What is required:
The line containing "Now we're going back" and every line after it, through the last one below: output exactly these and nothing else.

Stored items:
■ ■ ■

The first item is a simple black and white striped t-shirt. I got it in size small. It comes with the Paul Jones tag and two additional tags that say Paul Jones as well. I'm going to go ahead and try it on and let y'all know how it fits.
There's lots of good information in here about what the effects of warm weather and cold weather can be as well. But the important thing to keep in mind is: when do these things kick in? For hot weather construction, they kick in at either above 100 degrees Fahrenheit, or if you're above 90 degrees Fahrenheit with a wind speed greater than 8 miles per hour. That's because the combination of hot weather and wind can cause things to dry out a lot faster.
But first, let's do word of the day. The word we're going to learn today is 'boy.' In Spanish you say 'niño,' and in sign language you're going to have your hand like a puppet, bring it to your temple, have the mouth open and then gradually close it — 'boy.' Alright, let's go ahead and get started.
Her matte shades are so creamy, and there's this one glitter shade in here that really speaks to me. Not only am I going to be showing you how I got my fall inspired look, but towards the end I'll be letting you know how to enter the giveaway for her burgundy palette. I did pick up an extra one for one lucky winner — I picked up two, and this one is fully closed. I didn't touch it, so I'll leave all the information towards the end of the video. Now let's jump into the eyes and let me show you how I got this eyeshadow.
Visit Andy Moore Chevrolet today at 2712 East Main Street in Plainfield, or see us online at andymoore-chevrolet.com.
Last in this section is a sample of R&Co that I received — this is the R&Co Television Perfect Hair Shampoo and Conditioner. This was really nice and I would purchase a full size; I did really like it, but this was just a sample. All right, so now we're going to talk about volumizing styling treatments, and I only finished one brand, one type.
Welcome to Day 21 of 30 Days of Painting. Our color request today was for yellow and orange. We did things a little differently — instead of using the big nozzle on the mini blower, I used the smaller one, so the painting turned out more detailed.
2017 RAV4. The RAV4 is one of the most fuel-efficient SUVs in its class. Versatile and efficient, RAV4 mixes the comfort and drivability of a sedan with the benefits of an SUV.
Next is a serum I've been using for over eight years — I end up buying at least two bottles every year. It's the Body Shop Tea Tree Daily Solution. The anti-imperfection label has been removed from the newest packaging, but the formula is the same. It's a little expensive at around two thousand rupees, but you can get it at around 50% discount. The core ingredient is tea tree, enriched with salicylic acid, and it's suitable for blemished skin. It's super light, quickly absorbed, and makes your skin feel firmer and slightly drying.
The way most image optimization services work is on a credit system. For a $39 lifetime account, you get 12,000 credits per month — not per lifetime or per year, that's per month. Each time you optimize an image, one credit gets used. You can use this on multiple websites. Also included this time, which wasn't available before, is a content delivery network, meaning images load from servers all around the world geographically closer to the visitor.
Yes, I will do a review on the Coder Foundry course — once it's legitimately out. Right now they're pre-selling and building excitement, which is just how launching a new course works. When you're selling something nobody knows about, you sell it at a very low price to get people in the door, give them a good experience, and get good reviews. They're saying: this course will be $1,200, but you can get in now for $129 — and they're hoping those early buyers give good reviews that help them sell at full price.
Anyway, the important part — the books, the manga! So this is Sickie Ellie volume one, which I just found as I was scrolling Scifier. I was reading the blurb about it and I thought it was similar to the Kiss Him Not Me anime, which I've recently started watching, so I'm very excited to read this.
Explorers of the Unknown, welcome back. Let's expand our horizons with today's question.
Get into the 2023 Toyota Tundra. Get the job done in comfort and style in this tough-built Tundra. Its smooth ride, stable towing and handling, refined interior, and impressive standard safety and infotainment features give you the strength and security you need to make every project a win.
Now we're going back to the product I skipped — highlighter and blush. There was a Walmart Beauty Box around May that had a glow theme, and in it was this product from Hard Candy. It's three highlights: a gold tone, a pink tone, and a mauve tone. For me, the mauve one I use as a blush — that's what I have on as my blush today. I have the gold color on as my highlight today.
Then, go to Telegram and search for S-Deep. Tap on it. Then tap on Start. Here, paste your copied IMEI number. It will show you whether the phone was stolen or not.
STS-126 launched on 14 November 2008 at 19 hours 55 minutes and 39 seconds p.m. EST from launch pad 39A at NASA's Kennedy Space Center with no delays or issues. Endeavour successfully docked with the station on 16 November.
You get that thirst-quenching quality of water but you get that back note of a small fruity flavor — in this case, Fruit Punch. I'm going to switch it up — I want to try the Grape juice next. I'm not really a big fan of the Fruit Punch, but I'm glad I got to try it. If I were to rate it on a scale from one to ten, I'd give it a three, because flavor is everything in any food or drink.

■ ■ ■

Reply to the task:
Now we're going back to the product I skipped — highlighter and blush. There was a Walmart Beauty Box around May that had a glow theme, and in it was this product from Hard Candy. It's three highlights: a gold tone, a pink tone, and a mauve tone. For me, the mauve one I use as a blush — that's what I have on as my blush today. I have the gold color on as my highlight today.
Then, go to Telegram and search for S-Deep. Tap on it. Then tap on Start. Here, paste your copied IMEI number. It will show you whether the phone was stolen or not.
STS-126 launched on 14 November 2008 at 19 hours 55 minutes and 39 seconds p.m. EST from launch pad 39A at NASA's Kennedy Space Center with no delays or issues. Endeavour successfully docked with the station on 16 November.
You get that thirst-quenching quality of water but you get that back note of a small fruity flavor — in this case, Fruit Punch. I'm going to switch it up — I want to try the Grape juice next. I'm not really a big fan of the Fruit Punch, but I'm glad I got to try it. If I were to rate it on a scale from one to ten, I'd give it a three, because flavor is everything in any food or drink.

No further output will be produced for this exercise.